- **What needs to be done**
Of the lines below, reproduce exactly those from the line containing "Win7笔记本迅速切换电源管理功能的操作技巧" to the end, including both the first and the last.

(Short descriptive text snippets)

■ ■ ■ ■

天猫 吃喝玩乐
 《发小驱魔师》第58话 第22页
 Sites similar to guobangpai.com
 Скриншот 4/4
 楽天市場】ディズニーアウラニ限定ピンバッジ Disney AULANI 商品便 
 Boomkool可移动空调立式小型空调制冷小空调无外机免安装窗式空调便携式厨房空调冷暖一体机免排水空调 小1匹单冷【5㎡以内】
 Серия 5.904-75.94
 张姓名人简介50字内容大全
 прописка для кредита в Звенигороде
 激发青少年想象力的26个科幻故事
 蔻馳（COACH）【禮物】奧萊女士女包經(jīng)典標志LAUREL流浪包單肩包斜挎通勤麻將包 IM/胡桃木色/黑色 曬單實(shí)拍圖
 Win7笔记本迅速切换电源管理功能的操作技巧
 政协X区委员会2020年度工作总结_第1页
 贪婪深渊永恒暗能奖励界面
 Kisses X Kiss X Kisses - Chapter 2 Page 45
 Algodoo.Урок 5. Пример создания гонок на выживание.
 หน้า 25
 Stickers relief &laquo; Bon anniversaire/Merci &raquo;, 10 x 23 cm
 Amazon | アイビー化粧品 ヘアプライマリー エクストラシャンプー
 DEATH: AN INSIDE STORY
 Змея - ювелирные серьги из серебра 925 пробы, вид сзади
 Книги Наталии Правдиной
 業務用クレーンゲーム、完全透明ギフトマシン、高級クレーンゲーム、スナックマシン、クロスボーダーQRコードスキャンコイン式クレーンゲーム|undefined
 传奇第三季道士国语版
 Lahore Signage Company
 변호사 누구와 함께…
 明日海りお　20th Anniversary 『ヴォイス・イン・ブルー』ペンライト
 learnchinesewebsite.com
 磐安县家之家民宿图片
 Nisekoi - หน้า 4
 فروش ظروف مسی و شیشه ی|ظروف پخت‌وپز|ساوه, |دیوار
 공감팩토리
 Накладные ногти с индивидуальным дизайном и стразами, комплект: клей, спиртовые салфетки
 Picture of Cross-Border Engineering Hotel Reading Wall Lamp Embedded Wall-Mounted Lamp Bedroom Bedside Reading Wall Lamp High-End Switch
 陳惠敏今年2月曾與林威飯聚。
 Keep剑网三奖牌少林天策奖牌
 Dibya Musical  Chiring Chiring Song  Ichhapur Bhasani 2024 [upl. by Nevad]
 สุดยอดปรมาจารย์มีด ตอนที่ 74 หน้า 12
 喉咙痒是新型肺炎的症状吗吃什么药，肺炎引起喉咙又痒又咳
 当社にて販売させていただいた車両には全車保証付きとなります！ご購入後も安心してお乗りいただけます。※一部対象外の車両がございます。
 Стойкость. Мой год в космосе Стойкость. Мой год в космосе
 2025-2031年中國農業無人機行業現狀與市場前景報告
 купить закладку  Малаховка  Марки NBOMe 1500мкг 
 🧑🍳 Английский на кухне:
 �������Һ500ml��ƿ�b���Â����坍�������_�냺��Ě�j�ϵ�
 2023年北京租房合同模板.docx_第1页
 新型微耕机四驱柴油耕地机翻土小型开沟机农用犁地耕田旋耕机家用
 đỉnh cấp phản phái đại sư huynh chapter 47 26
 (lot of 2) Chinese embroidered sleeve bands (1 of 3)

■ ■ ■ ■

- **Task solution**
 Win7笔记本迅速切换电源管理功能的操作技巧
 政协X区委员会2020年度工作总结_第1页
 贪婪深渊永恒暗能奖励界面
 Kisses X Kiss X Kisses - Chapter 2 Page 45
 Algodoo.Урок 5. Пример создания гонок на выживание.
 หน้า 25
 Stickers relief &laquo; Bon anniversaire/Merci &raquo;, 10 x 23 cm
 Amazon | アイビー化粧品 ヘアプライマリー エクストラシャンプー
 DEATH: AN INSIDE STORY
 Змея - ювелирные серьги из серебра 925 пробы, вид сзади
 Книги Наталии Правдиной
 業務用クレーンゲーム、完全透明ギフトマシン、高級クレーンゲーム、スナックマシン、クロスボーダーQRコードスキャンコイン式クレーンゲーム|undefined
 传奇第三季道士国语版
 Lahore Signage Company
 변호사 누구와 함께…
 明日海りお　20th Anniversary 『ヴォイス・イン・ブルー』ペンライト
 learnchinesewebsite.com
 磐安县家之家民宿图片
 Nisekoi - หน้า 4
 فروش ظروف مسی و شیشه ی|ظروف پخت‌وپز|ساوه, |دیوار
 공감팩토리
 Накладные ногти с индивидуальным дизайном и стразами, комплект: клей, спиртовые салфетки
 Picture of Cross-Border Engineering Hotel Reading Wall Lamp Embedded Wall-Mounted Lamp Bedroom Bedside Reading Wall Lamp High-End Switch
 陳惠敏今年2月曾與林威飯聚。
 Keep剑网三奖牌少林天策奖牌
 Dibya Musical  Chiring Chiring Song  Ichhapur Bhasani 2024 [upl. by Nevad]
 สุดยอดปรมาจารย์มีด ตอนที่ 74 หน้า 12
 喉咙痒是新型肺炎的症状吗吃什么药，肺炎引起喉咙又痒又咳
 当社にて販売させていただいた車両には全車保証付きとなります！ご購入後も安心してお乗りいただけます。※一部対象外の車両がございます。
 Стойкость. Мой год в космосе Стойкость. Мой год в космосе
 2025-2031年中國農業無人機行業現狀與市場前景報告
 купить закладку  Малаховка  Марки NBOMe 1500мкг 
 🧑🍳 Английский на кухне:
 �������Һ500ml��ƿ�b���Â����坍�������_�냺��Ě�j�ϵ�
 2023年北京租房合同模板.docx_第1页
 新型微耕机四驱柴油耕地机翻土小型开沟机农用犁地耕田旋耕机家用
 đỉnh cấp phản phái đại sư huynh chapter 47 26
 (lot of 2) Chinese embroidered sleeve bands (1 of 3)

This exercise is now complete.